Nel 1004 S. Nilo da Rossano, egumeno dei monaci greci basiliani, fuggito dalla Calabria in seguito alle incursioni saracene, fondò l'Abbazia su un vasto terreno donatogli dal conte Gregorio I dei Conti di Tuscolo, che in precedenza era stato ospitato a lungo dal monaco presso il monastero di S. Agata, nella valle della Molara.
Il forte legame tra la badia e la famiglia tuscolana si consolidò sempre più, tanto che nel 1037 Benedetto IX (1032-1044), nipote di Gregorio I, le concesse dei beni nel territorio di Albano e volle come consigliere l'abate Bartolomeo. Nel XII secolo Callisto II (1119-1124) dichiarò l'abbazia soggetta esclusivamente alla Santa Sede e libera dalla giurisdizione del vescovo, rafforzando enormemente il potere dell'abbazia. Il monastero giunse a possedere terreni vastissimi che andavano da Albano fino alla Labicana, fu coinvolto anche nelle lotte fra Tuscolo e Roma e nel 1163 i monaci furono costretti a rifugiarsi a Subiaco.

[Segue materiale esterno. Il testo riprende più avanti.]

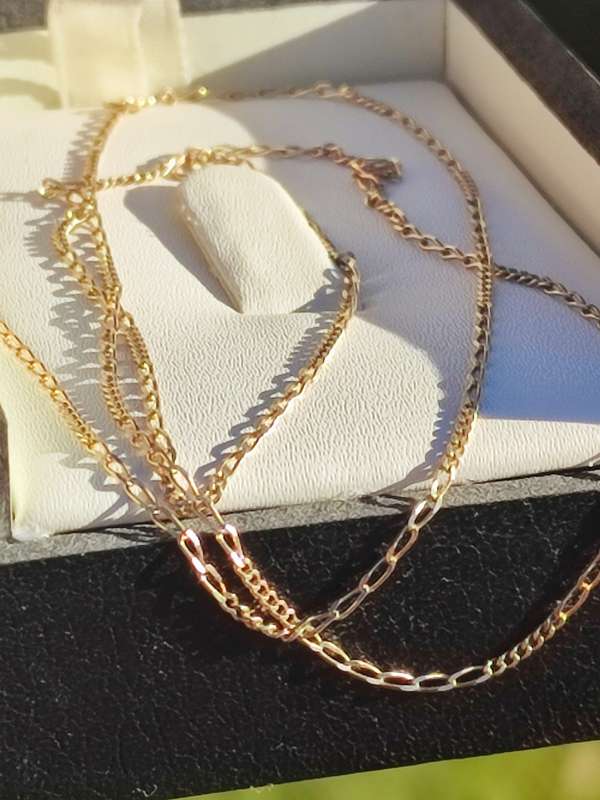 9ct Gold Fine Vintage Chain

Nel 1379, durante lo scisma d'Occidente, i monaci abbandonarono nuovamente l'abbazia, sotto la protezione dei Caetani signori di Marino. Nel 1462, Pio II (1458 - 1464) interruppe la serie degli abati perpetui dando l'abbazia in commenda al cardinale Bessarione, a cui seguì Giuliano della Rovere. Il cardinale della Rovere avvalendosi dell'opera di Baccio Pontelli, cinse il complesso con un recinto murario ornato da cortine merlate e torrioni cilindrici su tre lati; è probabile opera di Giuliano da Sangallo, o forse del Bramante, il Palazzo della Commenda caratterizzato da un bel portico con colonne di pietra sperone. Dal 1626 al 1738 l'Abbazia fu retta dai Barberini; durante il periodo napoleonico l'ordine monastico non venne soppresso, ma l'Abbazia subì molte spoliazioni.
Attualmente l'edificio ospita al pian terreno il Museo, in cui sono custoditi numerosi reperti archeologici e resti della decorazione della chiesa; il soffitto di una delle sale è stato dipinto nel 1547 da Francesco da Siena, in omaggio al commendatario Fabio Colonna; rappresenta le storie di Fabio Massimo il Temporeggiatore; al piano nobile un'altra sala fu affrescata da autore ignoto con le storie della distruzione di Tuscolo, all'epoca del commendatario Alessandro Farnese.